The Court first notes that the discovery requests were served on February 1, 2011. Therefore, B & S’s responses were due no later than March 3, 2011. B & S did not respond to the discovery requests until May 10, 2011, two (2) months and one (1) week after the deadline. Therefore, B & S’s objections were waived pursuant to Rule 33(b)(4) unless good cause is shown.
The Court is not persuaded by B & S’s assertion of good cause. First, B & S asserted that it delayed its response while it waited for Dove’s responses to B & S’s discovery requests. However, B & S conceded that he was aware that he could have responded to Traveler’s discovery responses indicating that they were not in possession of information responsive to the requests and reserve the right to supplement upon receipt of responses from Dove. However, counsel for B & S failed to do so, simply because he assumed that Traveler’s would not use the force of Rule 33(b)(4) against him. B & S also conceded that he could have requested an extension with the undersigned, but failed to do so.
Secondly, B & S contends that it had good cause for its delay because Traveler’s filed a Motion for Summary Judgment in May to which Traveler’s had to respond. B & S contends that it had to choose which task to focus on, and clearly chose to work on the Motion for Summary Judgment. Further, counsel for B & S was also involved in another trial during this time frame. However, B & S concedes that during this time frame he did not seek an extension with the undersigned. Therefore, this contention is not persuasive.

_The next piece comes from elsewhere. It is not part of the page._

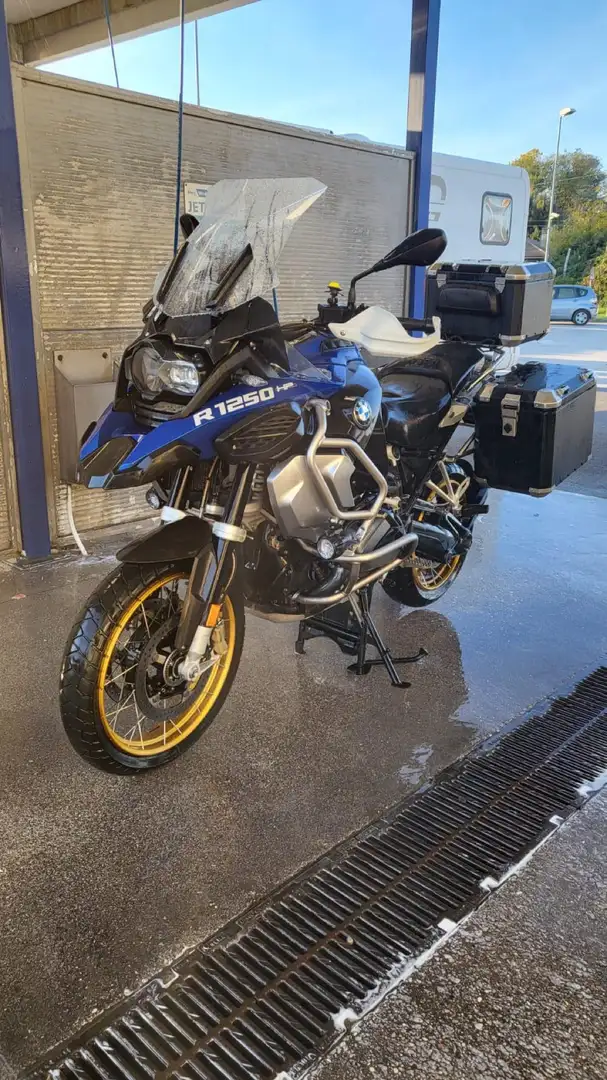 BMW R 1250 GS Adventure - 1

Finally, the Court is not persuaded that B & S had “no reason to believe” that Traveler’s would invoke the Rule 33(b)(4) waiver. According to B & S’s testimony, Traveler’s contacted B & S on April 18, 2011, and informed B & S that it intended to file a motion to compel if discovery responses were not received. B & S promised to provide responses by April 27, 2011, and failed to do so. Therefore, B & S was on notice of Traveler’s intent to enforce the Federal Rules of Civil Procedure.

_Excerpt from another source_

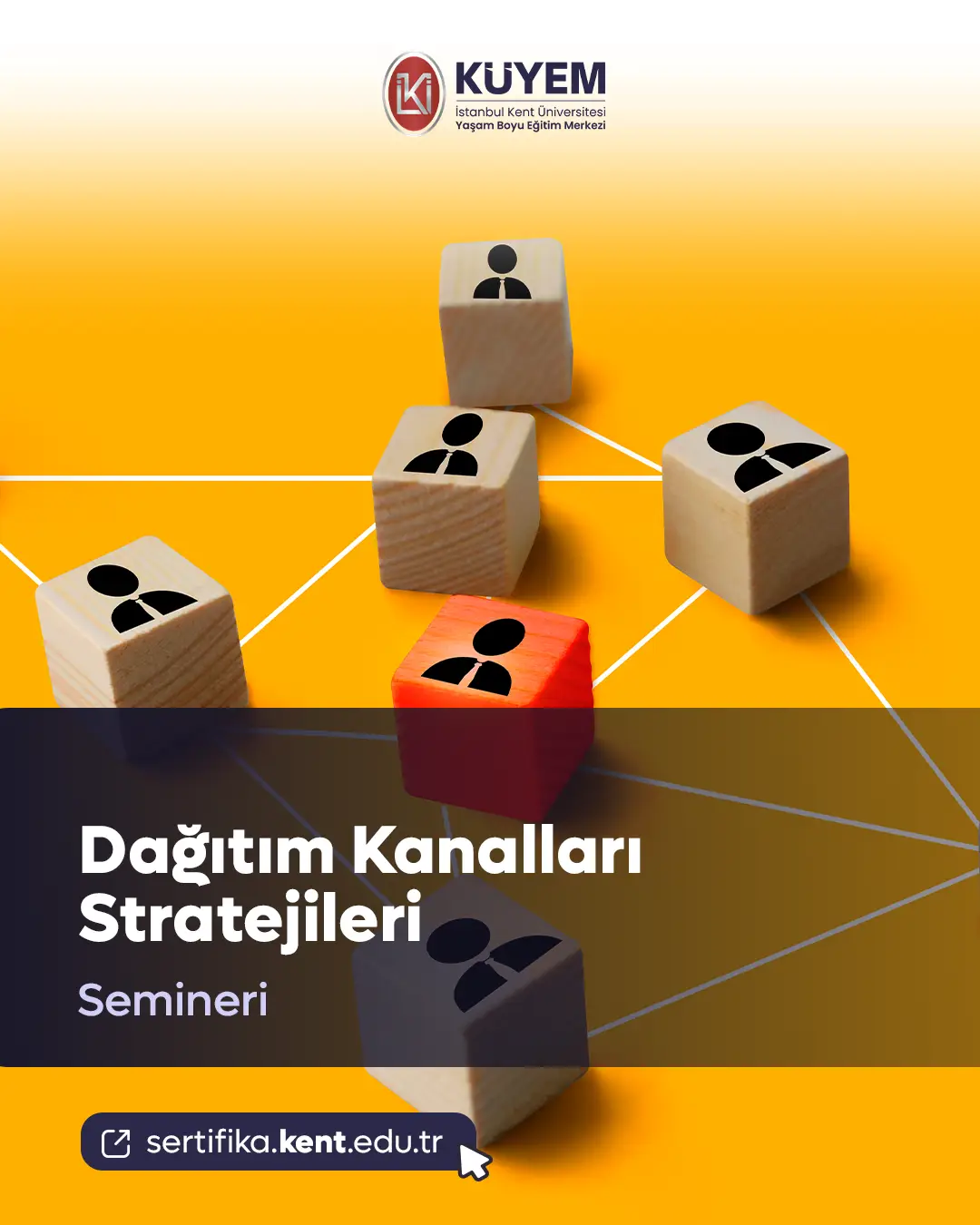 Dağıtım Kanalları Stratejileri Semineri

Although the Court finds that B & S waived its objections, the Court will only enforce this waiver insofar as B & S waived its relevancy objection to Interrogatory 13. However, the Court finds that the interrogatory is over broad because it is not limited to any period of time. The Court finds that it would be unduly burdensome to require B & S to respond to the interrogatory which does not limit the time frame of the request in any fashion. Therefore, the Court orders B & S to supplement its response to Interrogatory 13, but will limit its response from May 22, 2009 through August 29, 2009.
IV. Conclusion
Accordingly,
IT IS ORDERED that Traveler’s Casualty and Surety Company of America’s Motion to Compel (R. Doc. 228) is hereby GRANTED IN PART and DENIED IN PART:
• IT IS GRANTED insofar as the Court finds that B & S Equipment Company, Inc. has waived its objections to Traveler’s discovery requests by its failure to respond within thirty (30) days pursuant to Fed.R.Civ.P. 33(b)(4). B & S therefore is ORDERED to supplement its discovery requests within ten (10) days from the signing of this Order.
• IT IS DENIED insofar as the Court declines to require B & S to respond to Interrogatory 13 as it is not limited in temporal scope. B & S is required to respond only as applicable for the time frame of May 22, 2009 through August 29, 2009.